Staging Data In Sequential File

Posted: Mon Mar 12, 2007 2:04 pm
by speedsterrules
Is staging data in a Sequential File a good practice?

In other words, is it resonable to create a sequential file during processing and use it to load the table or should we directly load the table?

I guess the amount of data can be a factor but am not sure if we have any related standards.

Thanks

Posted: Mon Mar 12, 2007 2:11 pm
by DSguru2B
Its not against best practices. I use it all the time. But if the data size is huge, it might not be a good practice. Therefore it depends. But then again you should also have a cleanup process in place that cleans out files so that huge files dont just keep sitting there for months.

Posted: Mon Mar 12, 2007 2:13 pm
by kcbland
Ralph Kimball recommends it in his books.

Posted: Mon Mar 12, 2007 2:18 pm
by speedsterrules
Thanks for the prompt responses.

The file gets over-written every time the job is executed. I am doing it even for huge data size since it enhances the processing time.

Do you think it is advisable?

Posted: Mon Mar 12, 2007 2:25 pm
by chulett
Yes.

Posted: Mon Mar 12, 2007 2:29 pm
by DSguru2B
Its a three time 'Yes' from Craig. Its stone written now. :wink:

Posted: Mon Mar 12, 2007 2:30 pm
by chulett
Too slow. :wink:

Posted: Mon Mar 12, 2007 2:30 pm
by kcbland
It all depends on what you're doing. If you're building a data warehouse, with staging, storage, and presentation layers, your ETL coe will look differently for each aspect. If you're a DBA and just moving data around, you'll question even using an ETL tool.

In the straight performance question, copying data between two tables within the same database instance is faster to stay within the database and use parallel DML.

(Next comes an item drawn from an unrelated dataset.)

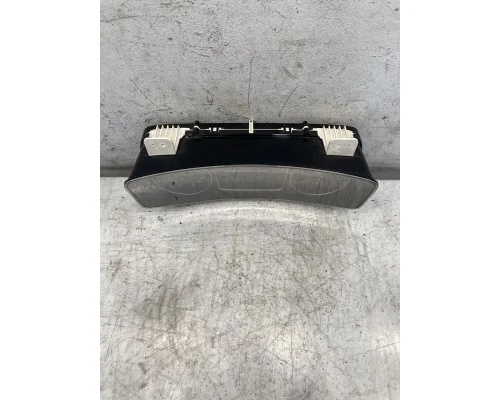 INTERNATIONAL LT Instrument Cluster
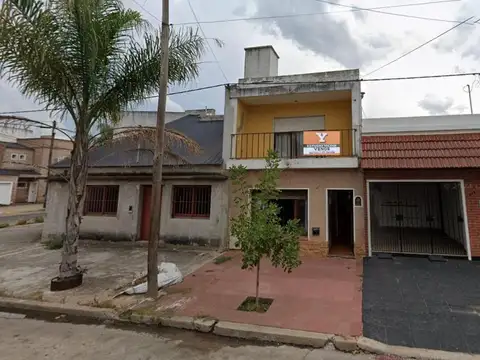 General Pinto e/ Ayacucho y Laprida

If you are going between two disparate databases, you're better served by extracting will as many parallel processes as possible, transforming with as many parallel processes as possible, and then loading as efficiently as possible. By building sequential "staging" files within that processing, you have the ability to shift parallel processing degrees, as well as have restart points and audit trails. You can also bulk load the results for fastest loading allowed. In addition, the database target server may be elsewhere, so that prepared load files can be moved to the database for localized loading.

Posted: Mon Mar 12, 2007 2:33 pm
by DSguru2B
chulett wrote:Too slow. :wink:
Alas, my slow fingers.

Posted: Mon Mar 12, 2007 2:37 pm
by speedsterrules
I got all the information I need through everyone's comments. Thanks everyone and especially Ken for the elaborate description.

Posted: Mon Mar 12, 2007 2:39 pm
by DSguru2B
You can rate everyone's replies depending upon how helpful the comments were.

Posted: Mon Mar 12, 2007 6:52 pm
by ray.wurlod
Yes.

:lol: